## [Exercise directions]
Using the listing below, print the line containing "Статуэтка птицы из", the line containing "CHECK PRINT WOOL BLAZER Cotton Blend Blazer", and each line between them, exactly and nothing else. Pictures stay out of the print.

## [Input records]
=== Section Start ===

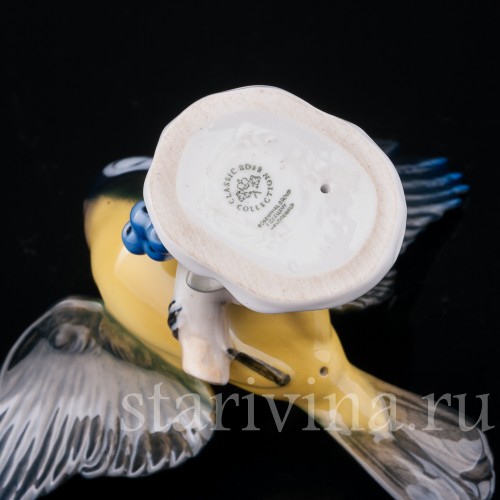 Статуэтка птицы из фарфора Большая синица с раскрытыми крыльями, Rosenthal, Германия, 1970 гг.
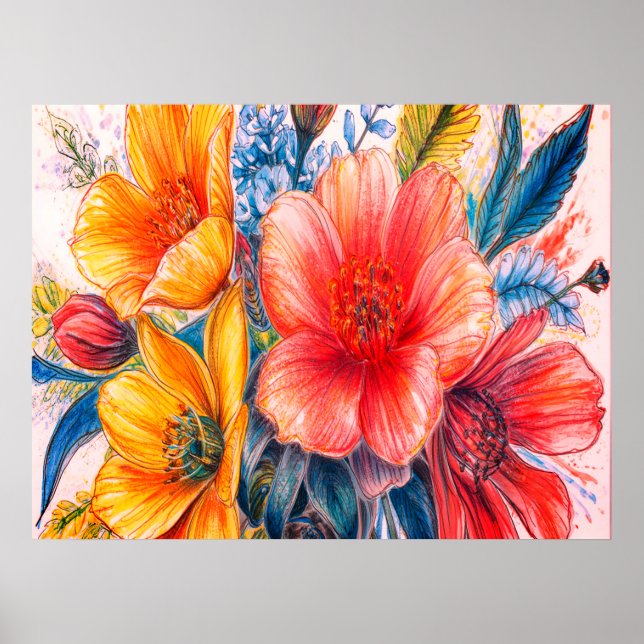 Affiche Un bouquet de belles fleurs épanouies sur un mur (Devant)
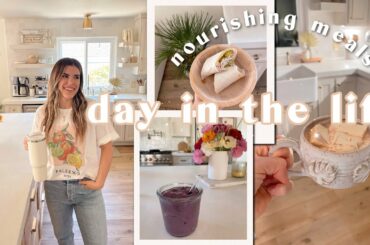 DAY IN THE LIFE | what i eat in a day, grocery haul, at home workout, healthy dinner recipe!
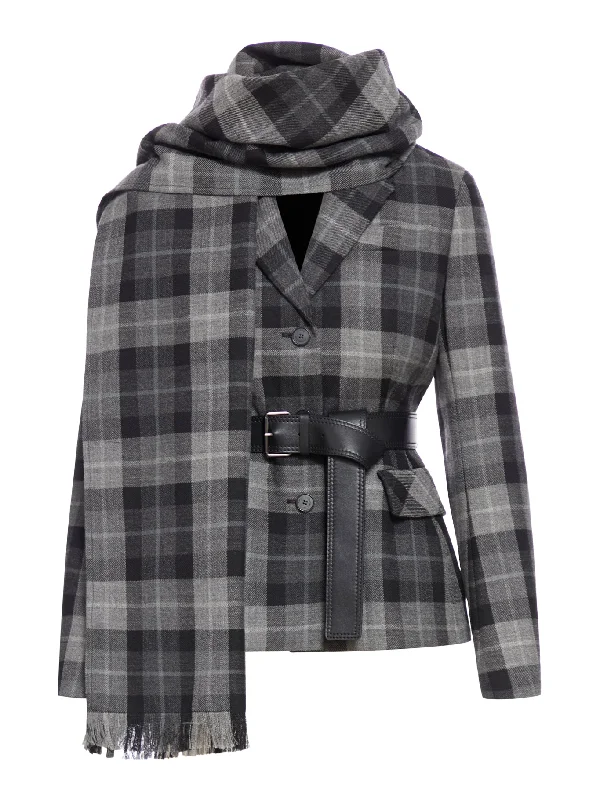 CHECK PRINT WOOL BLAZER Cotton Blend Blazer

=== Section End ===
=== Section Start ===

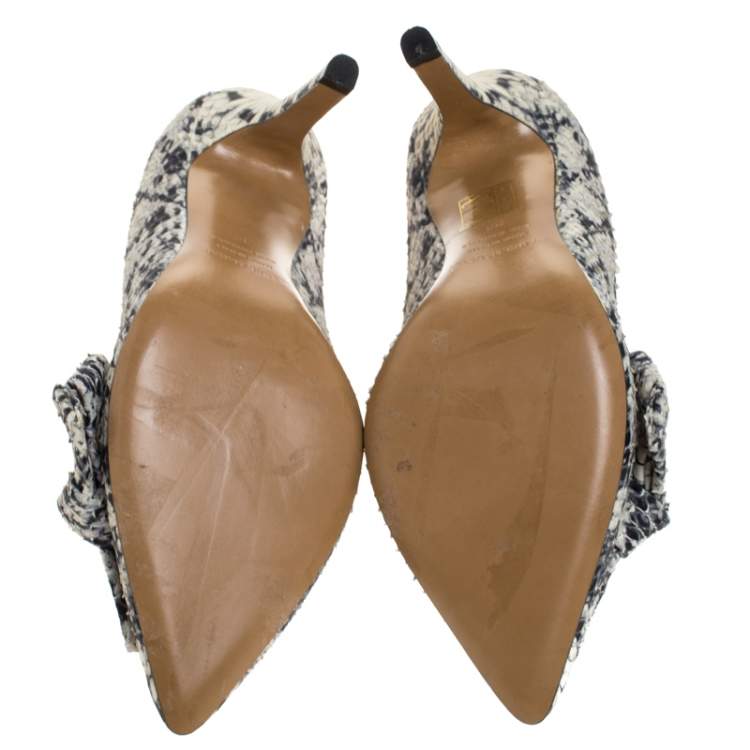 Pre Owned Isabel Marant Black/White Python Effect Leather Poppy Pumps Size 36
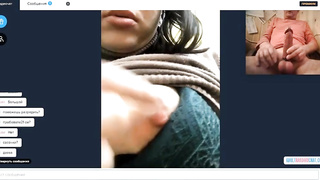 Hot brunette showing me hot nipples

=== Section End ===

## [Task solution]
 Статуэтка птицы из фарфора Большая синица с раскрытыми крыльями, Rosenthal, Германия, 1970 гг.
 Affiche Un bouquet de belles fleurs épanouies sur un mur (Devant)
 DAY IN THE LIFE | what i eat in a day, grocery haul, at home workout, healthy dinner recipe!
 CHECK PRINT WOOL BLAZER Cotton Blend Blazer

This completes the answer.